Lithuanian theatre scholar and human rights activist (1928–2020)

Irena Veisaitė (9 January 1928 – 11 December 2020) was a Lithuanian theatre scholar, intellectual and human rights activist.

She was awarded the Goethe Medal in 2012 for her contribution to cultural exchange between Germany and Lithuania.

==Life and career==
Veisaitė was a Lithuanian Jew. She was born in Kaunas and survived the Holocaust. She earned a doctorate in Leningrad in 1963 with a dissertation on the poetry of Heinrich Heine, and was a lecturer at the teacher's college in Vilnius from 1953 to 1997. She was also head of the Thomas Mann Cultural Centre in Nida, Lithuania.

She was the president of the Open Society in Lithuania Foundation.

She said in an interview with Deutsche Welle that "the Soviets were very, very bad. Different from the Nazis, but not better."

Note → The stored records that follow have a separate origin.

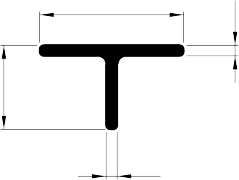 Unequal leg T profile shape - metal profiles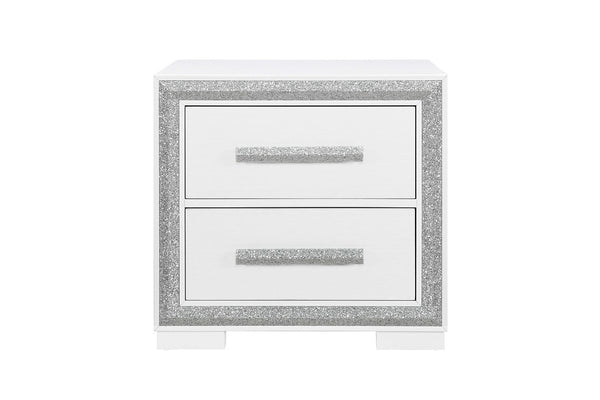 White IFF Andros Nightstand with sleek wood finish, featuring a modern design and simple drawer handle for bedroom storage.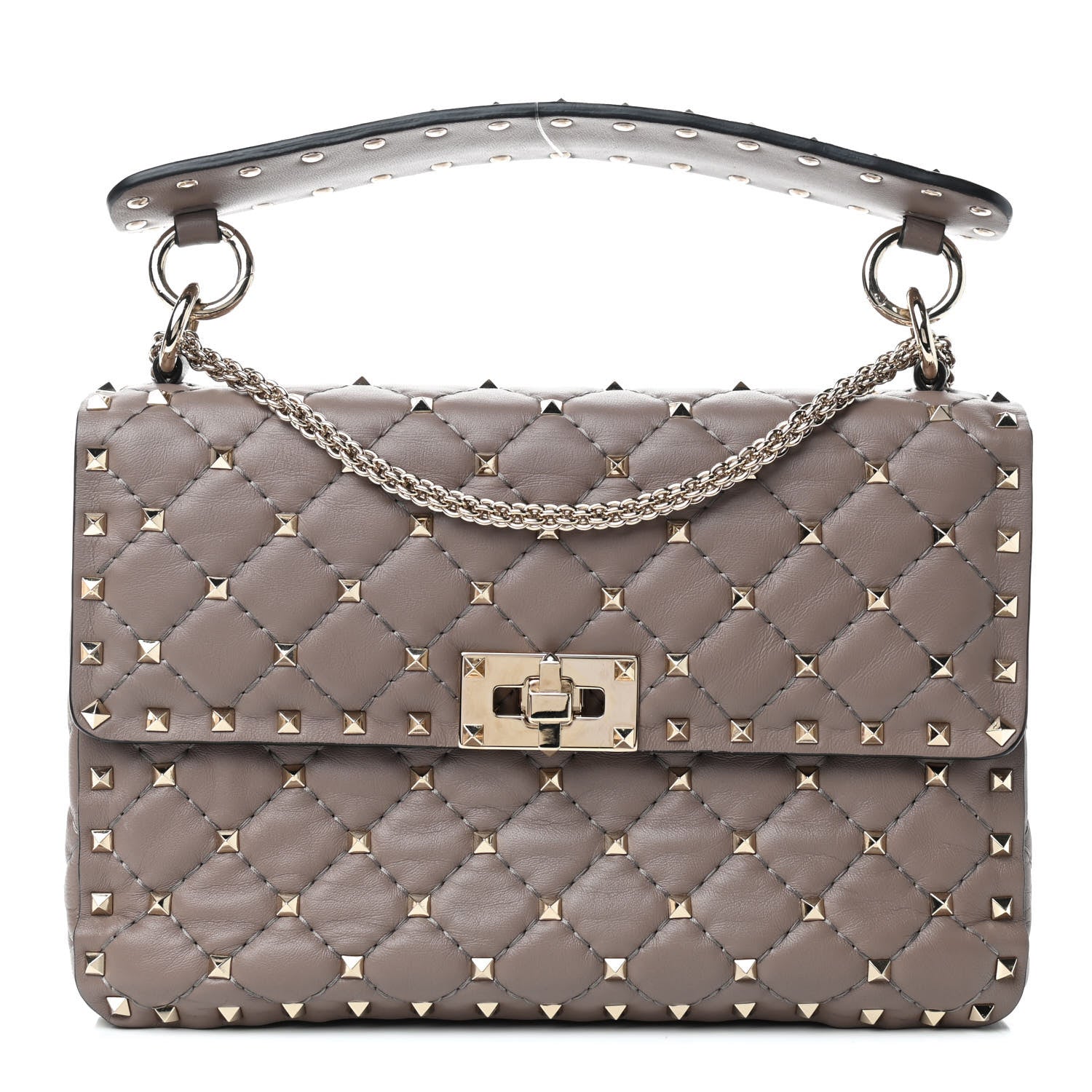 Valentino Garavani Nappa Medium Rockstud Spike Shoulder Bag Clay 1 of 8
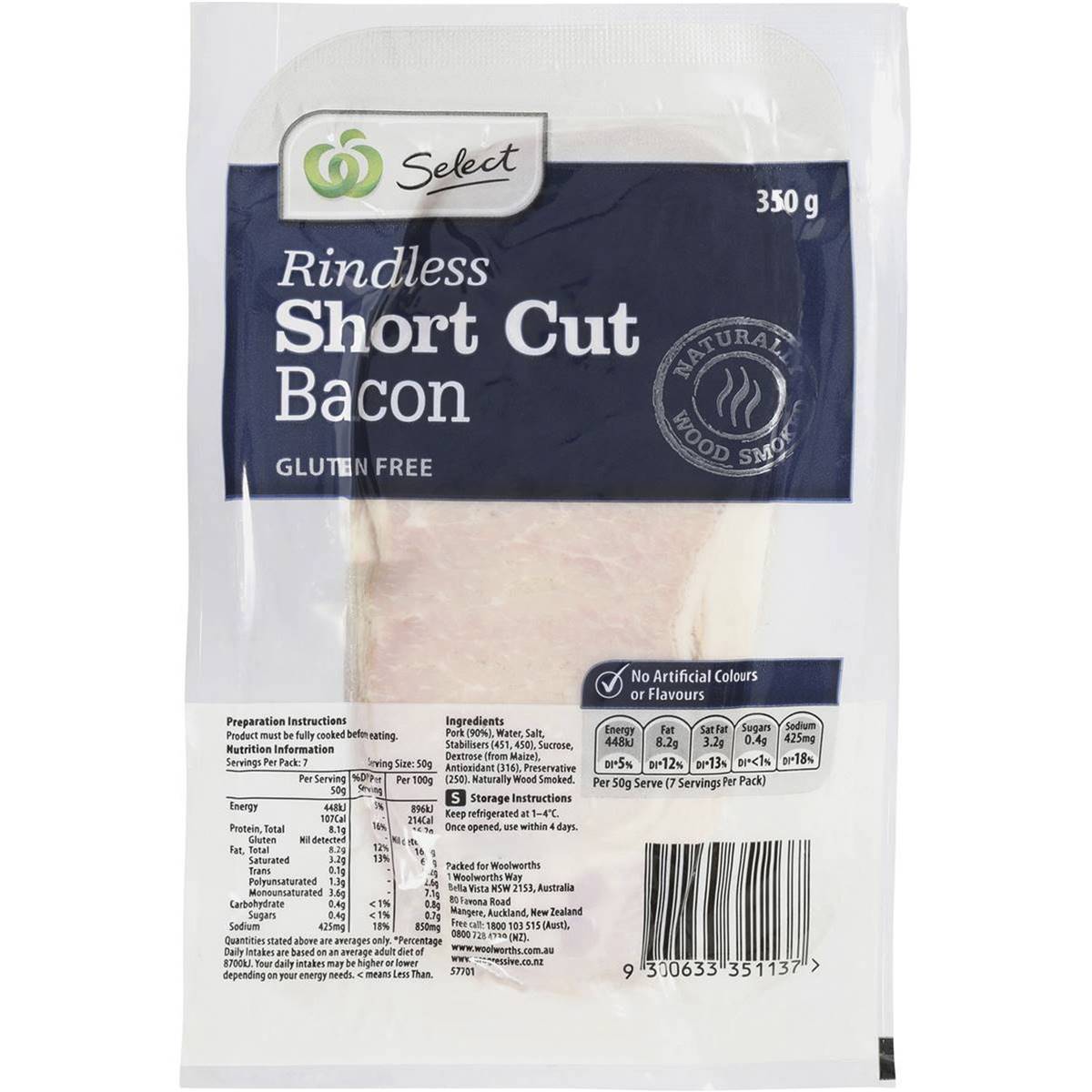 Woolworths Select Bacon Short Cut Rindless 350g Woolworths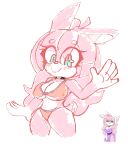  anthro big_breasts blue_eyes blush blush_lines breasts clothing dipstick_limbs eyelashes female fur gesture hi_res lagomorph leporid looking_at_viewer mammal mawstrife navel nipple_outline pink_body pink_fur rabbit red_clothing red_swimwear simple_background smile solo swimwear thick_thighs waving waving_at_viewer white_background white_body white_fur wide_hips 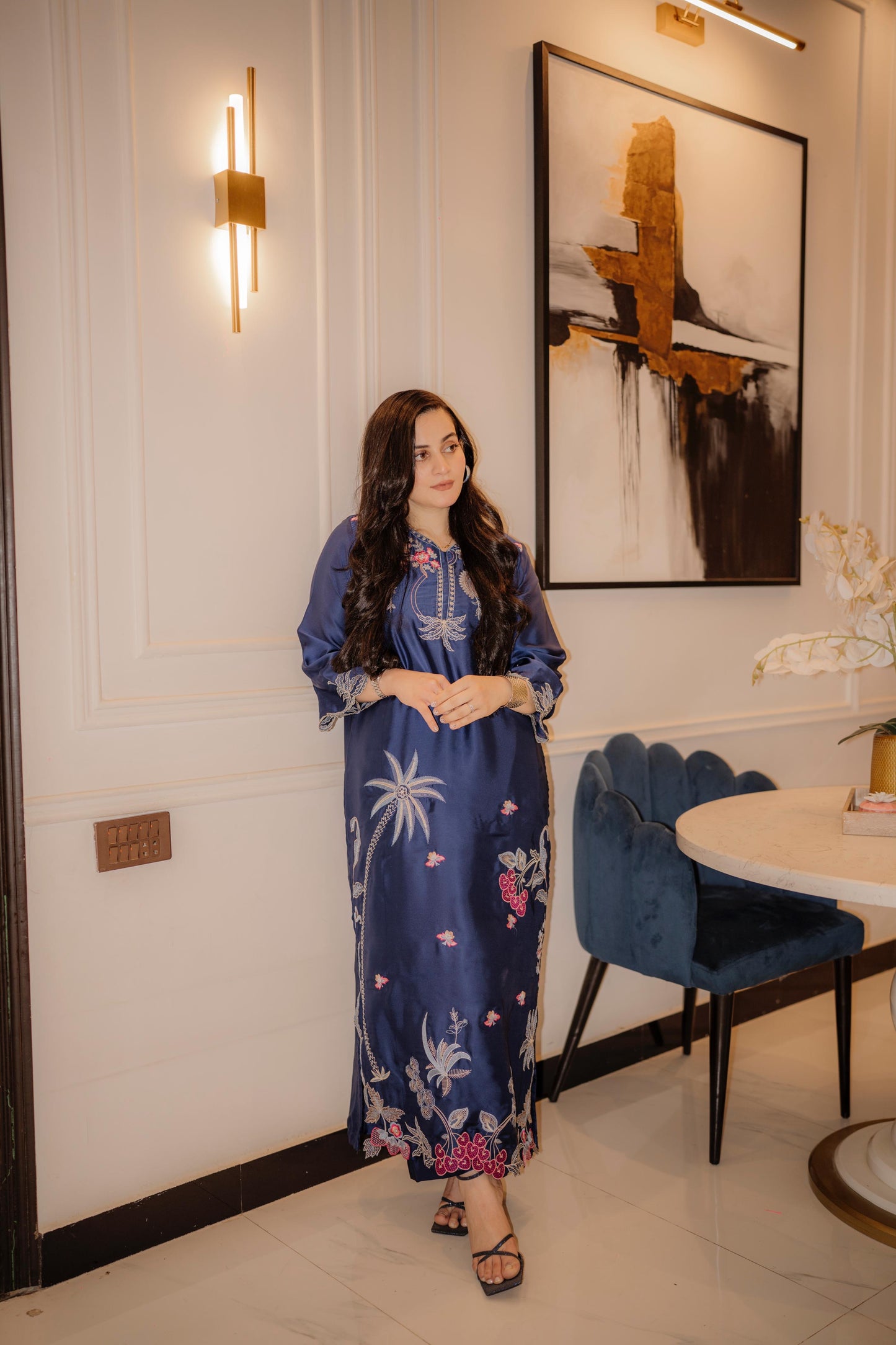 Ocean Bloom - 1pc - Embroidered - Charmeuse Silk - Festive - Sprinkles Pakistan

In Moscow in 1952 Veisaite married a young Jewish economist named Jakov (Jasha) Boom. Later she married the Estonian film director Grigori Kromanov, with whom she remained until his death in 1984. She died of COVID-19 in Vilnius on 11 December 2020, during the COVID-19 pandemic in Lithuania, twenty nine days short of her 93rd birthday.